____ PROVIDED DATA

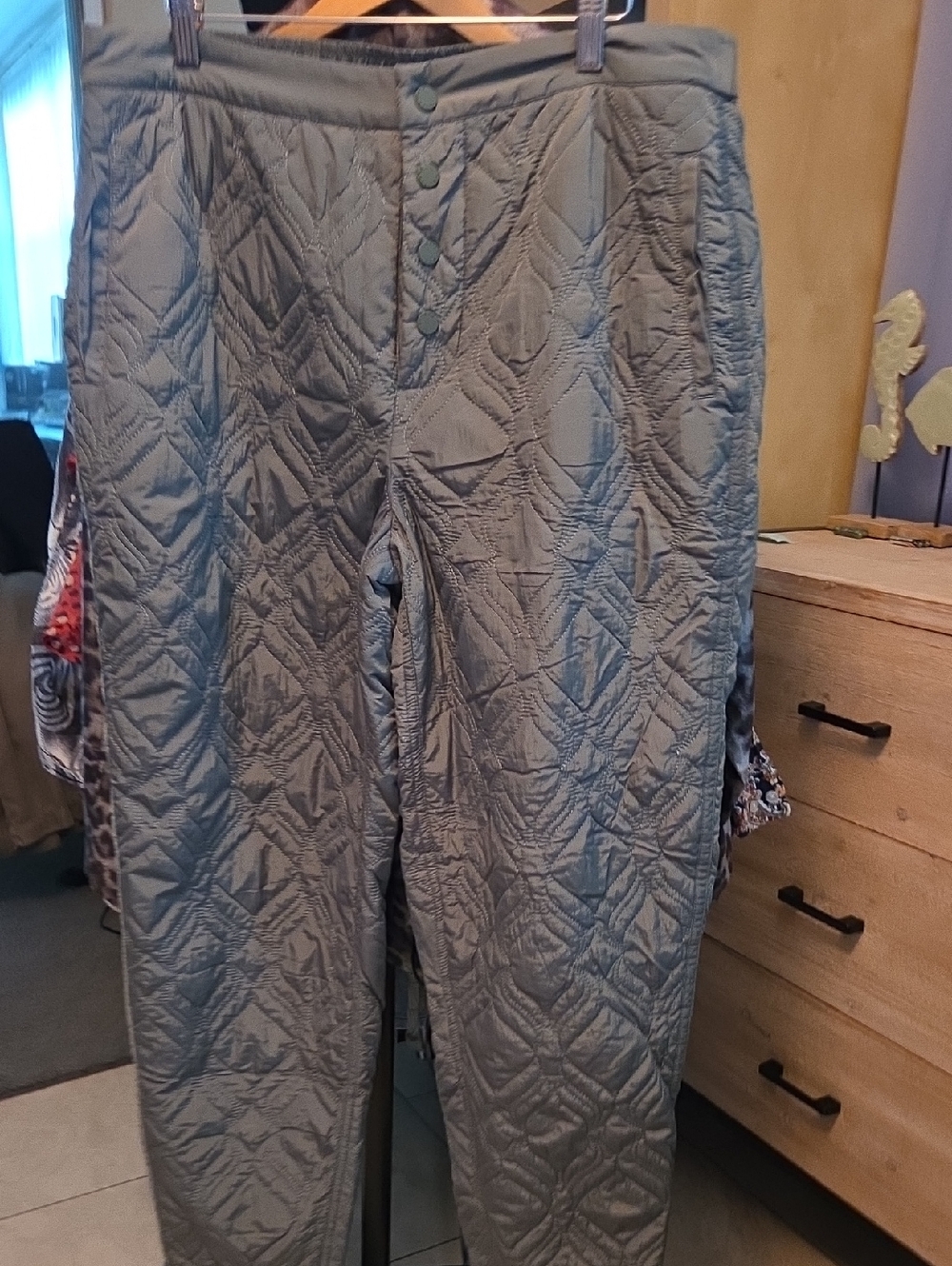 Fabletics Quilted High-Waist Pants - Slate Green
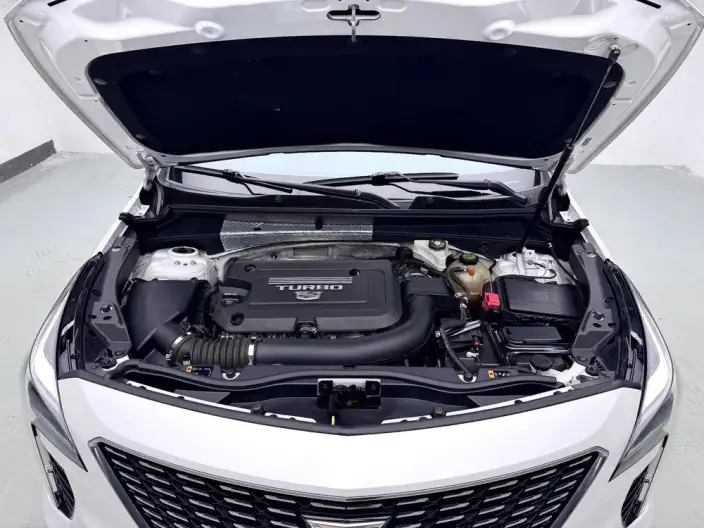Cadillac XT4 2021 Model 28T 2WD Leading Model – фото 10
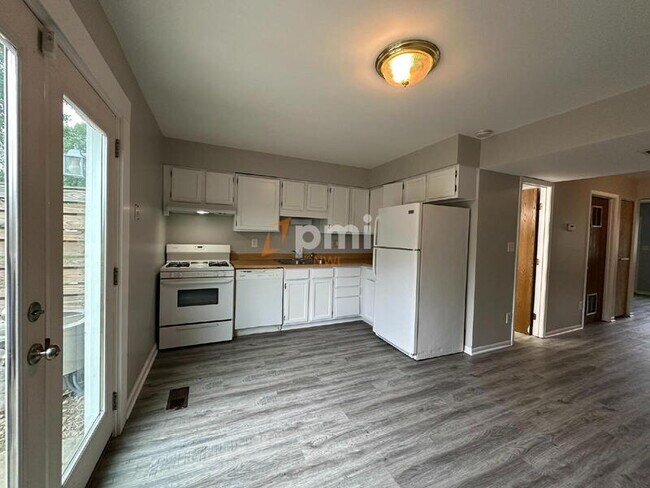 Building Photo - 4059 W 73rd Ave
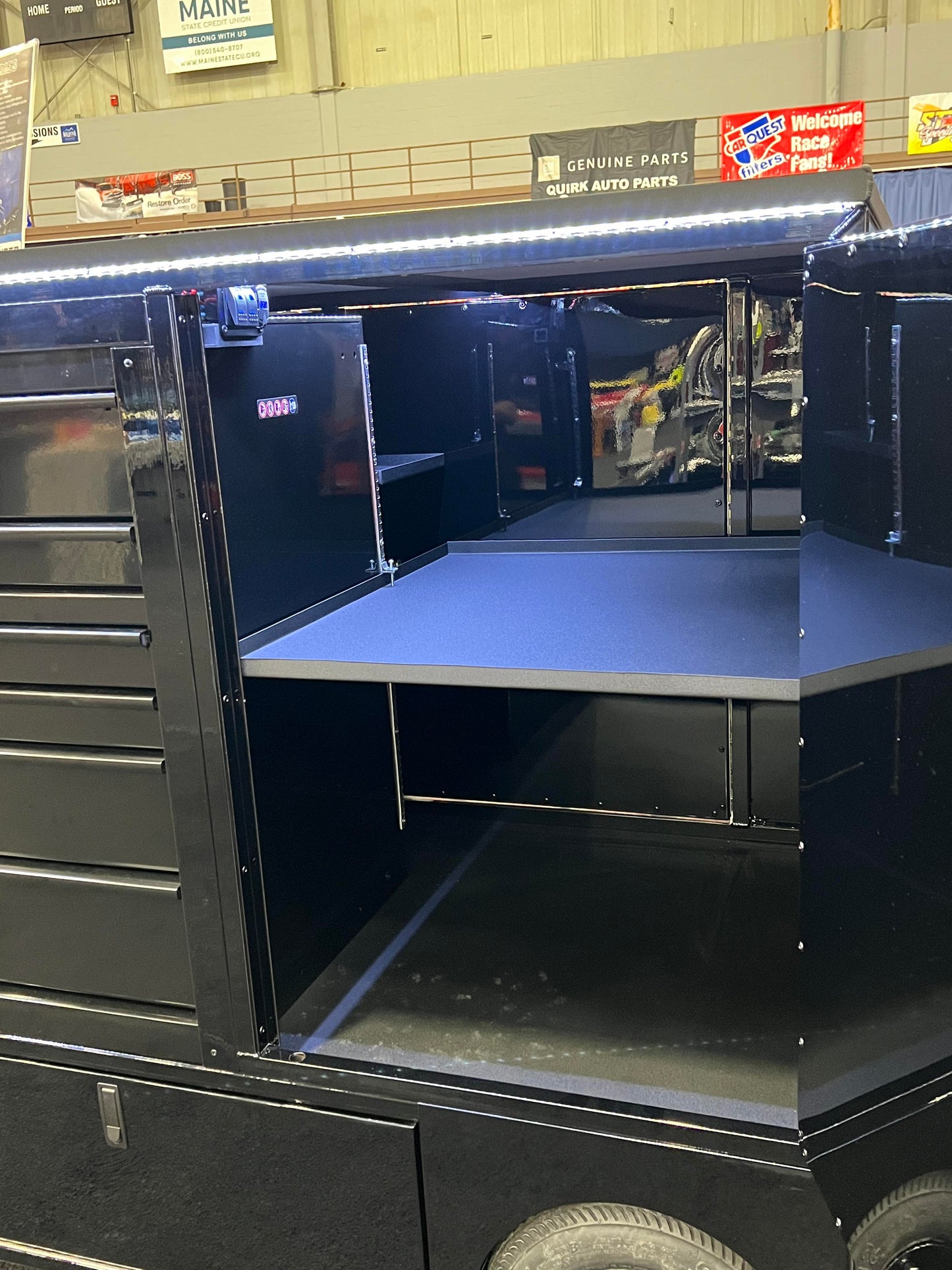 Revolution Series Pit Box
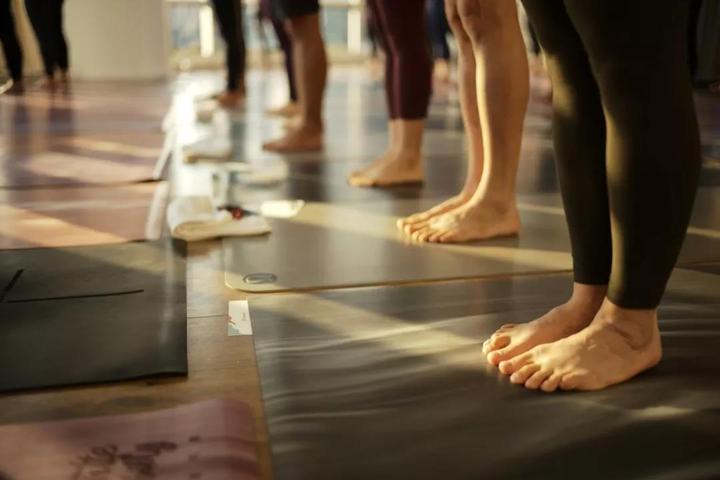 线上瑜伽课大火，爱好者们究竟该如何选择？杭州市瑜伽健身协会教你门道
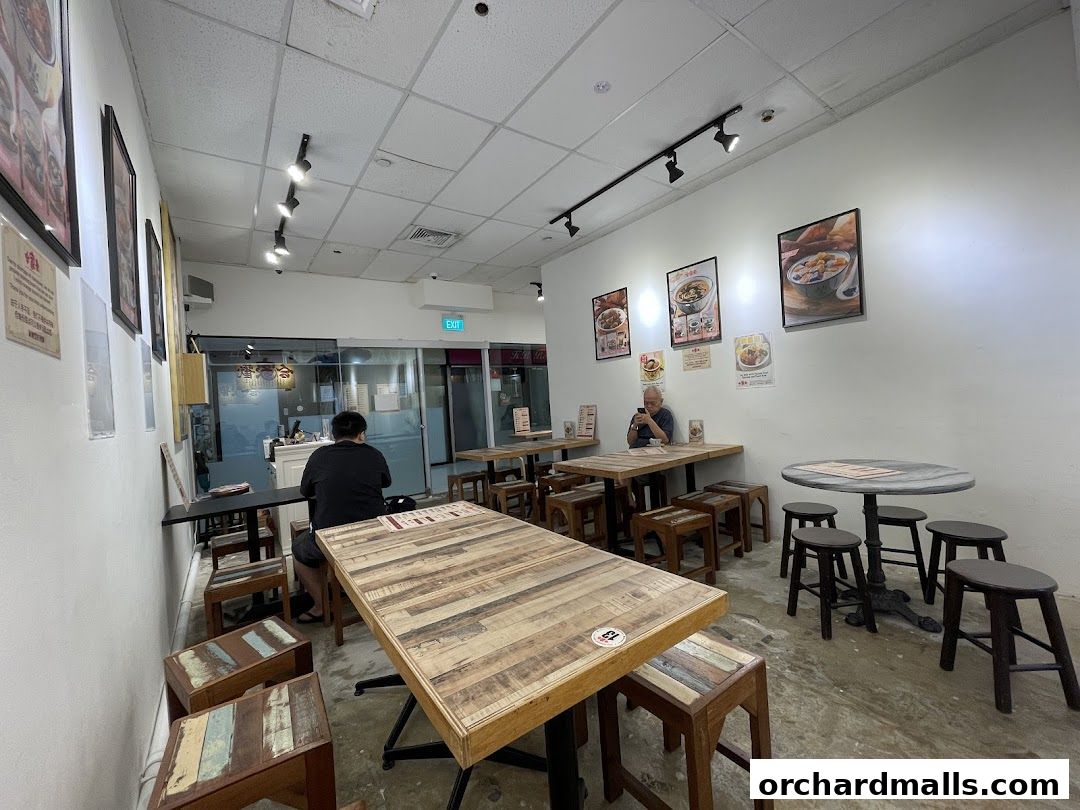 Hup Ka Foon 合家歡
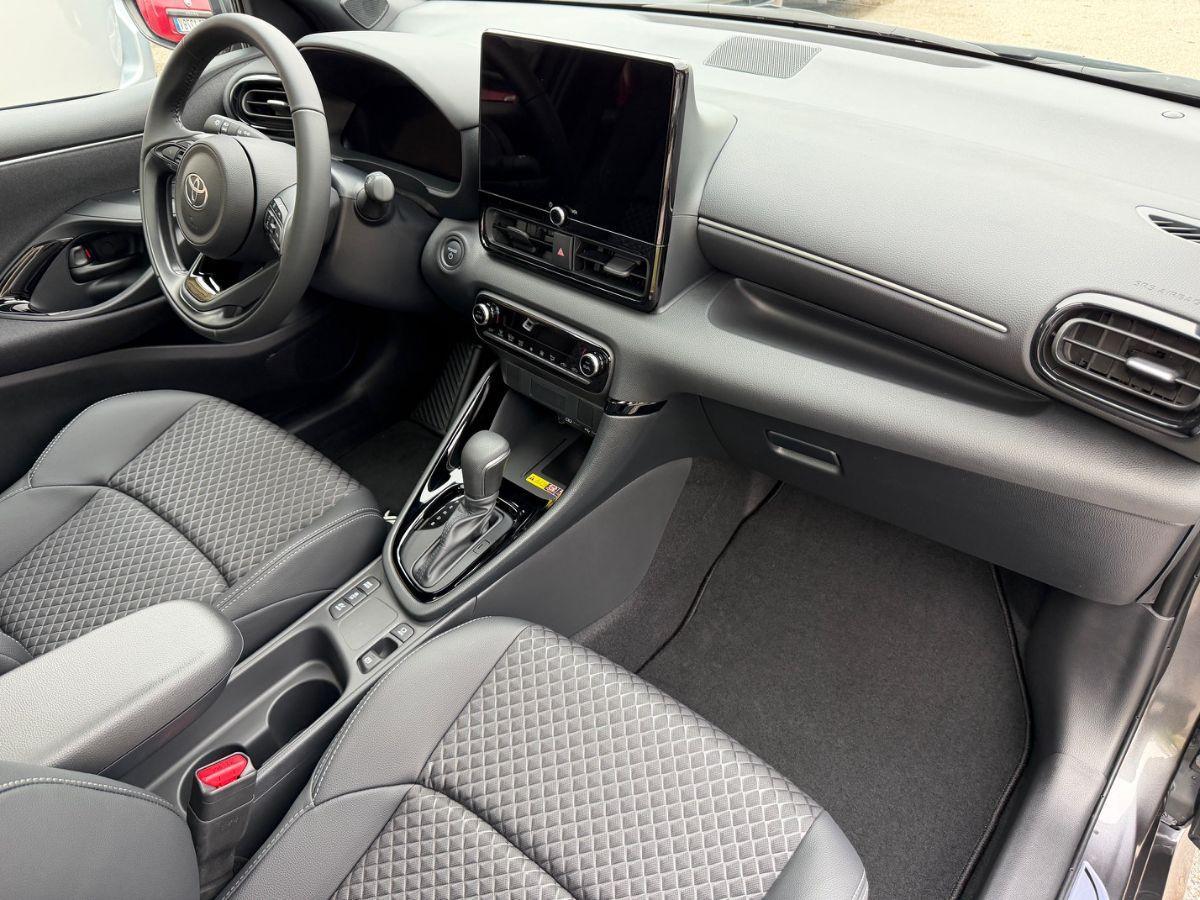 TOYOTA - Yaris - 1.5 Hybrid 5p. Lounge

________

▶ TASK REQUIREMENTS: Write the lines from the one containing "Revolution Series Pit Box" through the end of the data above exactly as they appear, and do not carry over any picture.

▶ FINAL ANSWER:
 Revolution Series Pit Box
 线上瑜伽课大火，爱好者们究竟该如何选择？杭州市瑜伽健身协会教你门道
 Hup Ka Foon 合家歡
 TOYOTA - Yaris - 1.5 Hybrid 5p. Lounge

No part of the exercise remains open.